(Beginning of Data records)

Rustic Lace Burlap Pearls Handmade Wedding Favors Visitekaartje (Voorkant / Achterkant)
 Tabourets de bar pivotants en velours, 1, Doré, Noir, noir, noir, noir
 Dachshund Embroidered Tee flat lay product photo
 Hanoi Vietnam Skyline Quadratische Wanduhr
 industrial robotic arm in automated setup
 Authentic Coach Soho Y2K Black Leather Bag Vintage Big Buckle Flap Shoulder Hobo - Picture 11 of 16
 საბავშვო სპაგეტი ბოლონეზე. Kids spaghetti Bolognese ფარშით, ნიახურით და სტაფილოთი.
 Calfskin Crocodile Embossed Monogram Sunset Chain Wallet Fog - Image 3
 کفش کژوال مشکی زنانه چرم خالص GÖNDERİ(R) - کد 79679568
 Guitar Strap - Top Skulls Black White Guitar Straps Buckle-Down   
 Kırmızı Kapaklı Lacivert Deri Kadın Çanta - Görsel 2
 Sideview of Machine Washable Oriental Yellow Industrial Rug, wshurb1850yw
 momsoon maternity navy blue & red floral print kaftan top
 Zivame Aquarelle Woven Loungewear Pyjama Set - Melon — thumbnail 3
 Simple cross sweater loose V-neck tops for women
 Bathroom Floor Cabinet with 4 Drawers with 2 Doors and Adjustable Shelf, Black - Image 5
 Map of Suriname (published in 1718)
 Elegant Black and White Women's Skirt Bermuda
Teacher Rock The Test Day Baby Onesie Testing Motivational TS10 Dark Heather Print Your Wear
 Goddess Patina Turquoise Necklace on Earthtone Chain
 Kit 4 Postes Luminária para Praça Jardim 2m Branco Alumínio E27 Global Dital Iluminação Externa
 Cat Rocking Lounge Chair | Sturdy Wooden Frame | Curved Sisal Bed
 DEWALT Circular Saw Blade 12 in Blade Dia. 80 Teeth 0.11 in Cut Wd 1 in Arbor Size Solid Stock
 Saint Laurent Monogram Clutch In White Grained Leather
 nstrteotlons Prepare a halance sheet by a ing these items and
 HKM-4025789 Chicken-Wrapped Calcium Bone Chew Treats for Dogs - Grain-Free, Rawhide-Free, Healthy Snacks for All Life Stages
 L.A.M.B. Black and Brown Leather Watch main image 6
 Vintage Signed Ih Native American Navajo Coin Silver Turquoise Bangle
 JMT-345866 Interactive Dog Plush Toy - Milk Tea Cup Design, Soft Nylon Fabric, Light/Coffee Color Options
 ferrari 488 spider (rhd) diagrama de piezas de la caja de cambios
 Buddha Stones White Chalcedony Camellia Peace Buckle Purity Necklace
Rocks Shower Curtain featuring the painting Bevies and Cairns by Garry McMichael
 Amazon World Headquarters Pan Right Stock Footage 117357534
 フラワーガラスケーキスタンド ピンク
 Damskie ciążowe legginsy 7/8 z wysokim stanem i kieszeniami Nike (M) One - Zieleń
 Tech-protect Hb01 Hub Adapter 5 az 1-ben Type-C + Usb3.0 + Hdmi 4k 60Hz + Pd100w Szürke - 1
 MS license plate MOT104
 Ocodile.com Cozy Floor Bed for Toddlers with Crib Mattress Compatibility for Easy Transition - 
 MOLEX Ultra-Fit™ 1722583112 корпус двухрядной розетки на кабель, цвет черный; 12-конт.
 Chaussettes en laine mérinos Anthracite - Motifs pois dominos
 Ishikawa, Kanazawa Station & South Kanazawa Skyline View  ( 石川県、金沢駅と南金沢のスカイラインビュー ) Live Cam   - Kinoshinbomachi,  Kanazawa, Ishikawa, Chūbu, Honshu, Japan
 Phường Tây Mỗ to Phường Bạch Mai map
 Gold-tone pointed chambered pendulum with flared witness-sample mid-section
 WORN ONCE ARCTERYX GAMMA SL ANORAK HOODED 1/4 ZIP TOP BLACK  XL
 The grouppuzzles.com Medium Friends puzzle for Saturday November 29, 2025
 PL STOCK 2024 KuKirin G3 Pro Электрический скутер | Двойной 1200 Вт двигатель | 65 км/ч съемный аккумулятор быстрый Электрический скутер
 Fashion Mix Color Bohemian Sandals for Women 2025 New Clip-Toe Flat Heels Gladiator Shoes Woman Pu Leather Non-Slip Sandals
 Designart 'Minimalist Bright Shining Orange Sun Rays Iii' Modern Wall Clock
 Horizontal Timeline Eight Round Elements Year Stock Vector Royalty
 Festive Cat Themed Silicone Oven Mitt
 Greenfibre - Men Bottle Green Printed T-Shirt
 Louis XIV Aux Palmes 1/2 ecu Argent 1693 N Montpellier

(End of Data records)

» **Work to be completed**
Begin with the line that contains "Festive Cat Themed Silicone Oven Mitt" and set down each line exactly until the records above end, including the final line.

» **Response to this exercise**
 Festive Cat Themed Silicone Oven Mitt
 Greenfibre - Men Bottle Green Printed T-Shirt
 Louis XIV Aux Palmes 1/2 ecu Argent 1693 N Montpellier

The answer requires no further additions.